Dynamic processes in porous films are crucial for their applications, which can range from sensor technology to molecular storage and separation. Furthermore, dynamic processes are the key to the production of smart materials which dynamically respond to external stimuli. A particularly interesting group of porous films are SURMOFs, i.e. surface mounted metal-organic frameworks. The interaction of the guest molecules with the framework and the diffusion of the guest molecules in the pores are among the research interests of this group. Another focus is the production and investigation of smart porous surface coatings, i.e. thin films which change their structure and therewith their properties due to external physical or chemical stimuli. The remote-controlled release of molecules from a porous surface coating is particularly interesting. For these studies, various techniques are used, such as quartz crystal microbalance, X-ray diffraction, IR and UV-VIS spectrometry.
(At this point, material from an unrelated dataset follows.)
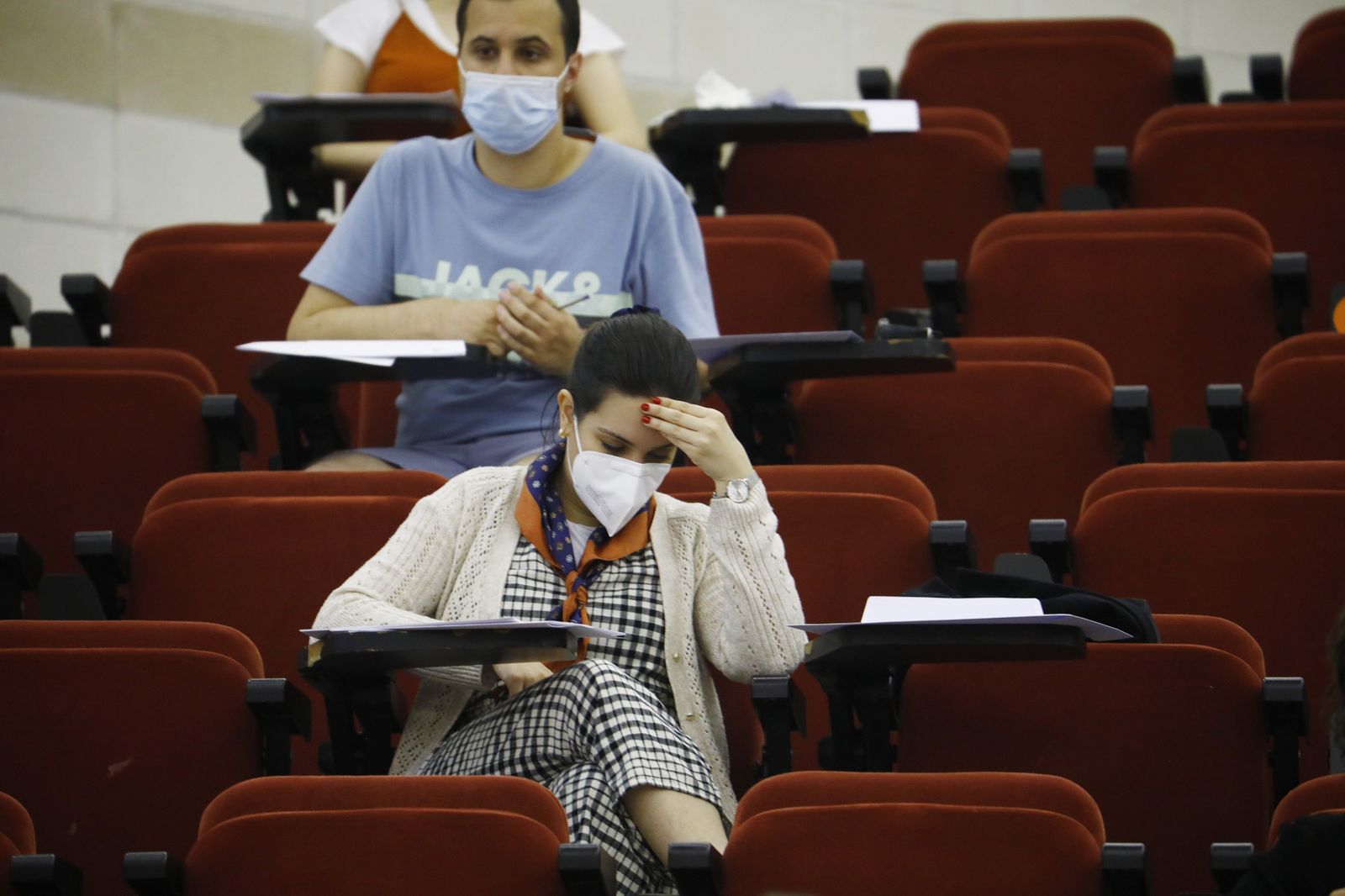 Las oposiciones de Secundaria en Córdoba, en imágenes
Mass Transfer in Thin Films of Metal-Organic Frameworks
The loading with guest molecules is the key for most applications of metal-organic frameworks (MOFs). It was found in numerous studies that the rate of the mass transfer into a MOF material may differ by several orders of magnitude for different samples. This phenomenon is commonly attributed to the presence of so-called surface barriers, which are almost omnipresent, but unwanted and poorly understood. Using well-defined and highly crystalline epitaxially grown thin films of type MOF HKUST-1 as model system, we have been able to quantitatively study this phenomenon using a quartz crystal microbalance (QCM). These experiments clearly demonstrate that surface barriers are not an intrinsic feature of MOFs – perfect, pristine films do not show these limitations. Only by destroying the structure at the outer surface of the MOF films, e.g. by exposure to air or water vapor, the molecular uptake is reduced.
Figure: Model of the mass transfer in MOFs. Left side: unhindered mass transfer in the nanoporous crystal. Right side: Surface barriers hinder the guest molecules in entering the pore space and slows down the mass transfer significantly.
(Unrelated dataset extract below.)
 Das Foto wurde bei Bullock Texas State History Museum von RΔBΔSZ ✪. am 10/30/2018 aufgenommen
Heinke, L. / Gu, Z. / Wöll, C. (2014): „The surface barrier phenomenon at the loading of metal-organic frameworks“. In: Nat. Comm. 5 (2014).
Photoswitching in Metal-Organic Frameworks – Remote-controlled release from molecular containers
The remote control of physical and chemical properties is one of the key challenges for intelligent, functional materials. Here, the great potential of thin porous films of MOFs containing linkers with photoswitchable azobenzene side groups is shown. The state of the azobenzene side groups can be switched by UV light from trans to cis and vice versa by visible light. This photoswitching influences the mass transfer of the guest molecules in the pores, i.e., ideally, the pores are opened and closed by light. By means of liquid-phase epitaxy, SURMOFs (surface-mounted MOFs) with vertical compositional gradients can be synthesized. This enables the preparation of thin porous films with a passive bottom layer, which serves as a storage container, and a photoswitchable top layer serving as a valve, which opens and closes the container, fig. left. After loading the porous coating and closing the top layer, the release of the guest molecules is initiated by illumination with visible light and monitored by a quartz crystal microbalance (QCM), fig. right.
Heinke, L. / Cakici, M. / Dommaschk, M. / Grosjean, S. / Herges, R. / Bräse, S. / Wöll, C. (2014): „Photoswitching in two-component SURMOFs: Optically triggered release from a molecular container“. In: ACS Nano 8 (2014), 1463-1467.